By Jessica Connor
FLORENCE – Sometimes you have to die to live.
In his Friday evening worship at Annual Conference, the Rev. Michael Turner preached about trusting in the Lord with blind faith that He will provide the way, about how so many churches are “dead,” with fading membership numbers and a budget focused more on upkeep of buildings than on making disciples.
“Churches, if your trustees do more work than your outreach ministry team, your church is in trouble,” said Turner, senior pastor of Wightman United Methodist Church in Prosperity.
But when we trust in Jesus with blind faith – when we let go of the shackles of the world and step out on pure hope – we will begin to regain the true meaning of what it means to be a church that transforms the world and makes disciples for Jesus Christ.
We will grow and blossom, because we are truly doing His will.
Bringing a message centered on John 21:1-6, Turner reminded the crowd how one of the last things Jesus did before he ascended to the Father was to go out on the beach where his disciples were fishing. They had been fishing all night long, not catching anything, and Jesus told them to cast your nets on other side and they will catch something.
In other words, Turner said: do something different, something that doesn’t necessarily make sense. Do something on blind faith.
The disciples listened, and the Bible tells us they brought in so many fish that they couldn’t even haul in their overflowing nets.
We can learn much from this passage, Turner told the packed arena.
“We’ve been casting our nets a long time, but problem is it’s been so long since we caught anything we forgot that’s the reason we’re in the boat,” he said. “And when we lose sight of that, all sorts of bad stuff can happen.”
A lot of times we lose focus, the mission of making disciples gets blurry, and we move from mission to maintenance, Turner said.
“We say, ‘We don’t have time to fish; we’ve got to work on the boat,’ or ‘That’s not in the budget,’” Turner said.
And sometimes, many of us move from casting nets to casting blame. Congregations will complain about the pastor appointed to their church, Turner said, whining that if only the bishop would send them a “good preacher” they would catch some fish again. Pastors complain in much the same manner: If only the bishop would send me to a “good church.”
But it’s not about the church or the pastor, or any other excuse, Turner said. It’s about the mission, and how if we let go of the trappings of “how we always did it” and step out on faith, then we can be the kind of fruitful church we’re called to be.
Turner related the story of a church, Fort McKinley UMC, in Dayton, Ohio. After their heyday in the 1950s, their membership had dwindled to barely 40, with no young people. They looked around and knew their future was not bright.
Trusting in the power of the resurrection, Turner said, Fort McKinley made a strategic decision to die. They partnered with a thriving nearby church, Ginghamsburg, with 4,500 people in worship each week.

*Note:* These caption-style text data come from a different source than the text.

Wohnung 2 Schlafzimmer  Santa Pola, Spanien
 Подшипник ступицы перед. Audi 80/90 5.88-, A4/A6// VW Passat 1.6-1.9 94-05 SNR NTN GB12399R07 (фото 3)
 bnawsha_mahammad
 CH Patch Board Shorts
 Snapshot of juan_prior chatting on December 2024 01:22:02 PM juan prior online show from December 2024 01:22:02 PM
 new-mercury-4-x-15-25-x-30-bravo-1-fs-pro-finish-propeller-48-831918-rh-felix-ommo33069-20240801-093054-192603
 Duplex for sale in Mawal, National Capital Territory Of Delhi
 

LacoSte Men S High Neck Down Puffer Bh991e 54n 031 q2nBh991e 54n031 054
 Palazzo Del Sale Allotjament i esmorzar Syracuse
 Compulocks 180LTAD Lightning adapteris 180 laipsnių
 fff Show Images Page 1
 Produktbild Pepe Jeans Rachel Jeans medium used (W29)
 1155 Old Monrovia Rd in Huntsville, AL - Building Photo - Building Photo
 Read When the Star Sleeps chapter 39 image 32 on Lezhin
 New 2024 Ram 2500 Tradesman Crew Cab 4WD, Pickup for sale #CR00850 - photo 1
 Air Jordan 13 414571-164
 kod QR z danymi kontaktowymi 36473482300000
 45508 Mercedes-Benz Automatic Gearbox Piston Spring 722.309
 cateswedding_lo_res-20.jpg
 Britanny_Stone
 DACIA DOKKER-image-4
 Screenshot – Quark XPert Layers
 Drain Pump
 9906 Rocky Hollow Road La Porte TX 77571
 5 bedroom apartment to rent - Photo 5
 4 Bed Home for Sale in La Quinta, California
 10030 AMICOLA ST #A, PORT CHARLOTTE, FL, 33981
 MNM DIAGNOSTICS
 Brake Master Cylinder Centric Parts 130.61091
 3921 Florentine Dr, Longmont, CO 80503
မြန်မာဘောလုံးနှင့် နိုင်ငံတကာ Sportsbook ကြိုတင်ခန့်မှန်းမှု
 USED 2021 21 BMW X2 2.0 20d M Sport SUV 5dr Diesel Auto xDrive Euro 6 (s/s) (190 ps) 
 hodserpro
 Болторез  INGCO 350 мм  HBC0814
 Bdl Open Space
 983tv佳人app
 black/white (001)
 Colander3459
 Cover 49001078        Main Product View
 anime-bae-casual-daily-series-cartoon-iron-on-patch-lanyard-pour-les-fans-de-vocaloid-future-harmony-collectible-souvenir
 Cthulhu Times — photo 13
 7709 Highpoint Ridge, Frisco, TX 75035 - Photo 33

They let go of their old ways and embraced the new.
Today, a little more than a year later, most everything about their church is now different: different colored walls, different style of music, different worship times. Attendance is about 400 on a regular basis, they are 45 percent African-American and Hispanic, and they have to have three different worship services “just to haul in the nets,” Turner said.
We need to learn from the blind faith of the disciples and Fort McKinley UMC and realized that sometimes you have to die to live.
“Our job is not to hunker down in maintenance mode,” Turner told the room. “Doing that almost killed a lot of our churches; it plunges us into survival mode where churches hang on by their fingernails fighting just to stay alive.”
When we choose to fish off the other side of the boat and lose our life for Christ’s sake, we are resurrected and become far more fruitful than we could ever have imagined.
“That’s what happened when God raises the dead,” Turner said. “And our God just loves to raise the dead.”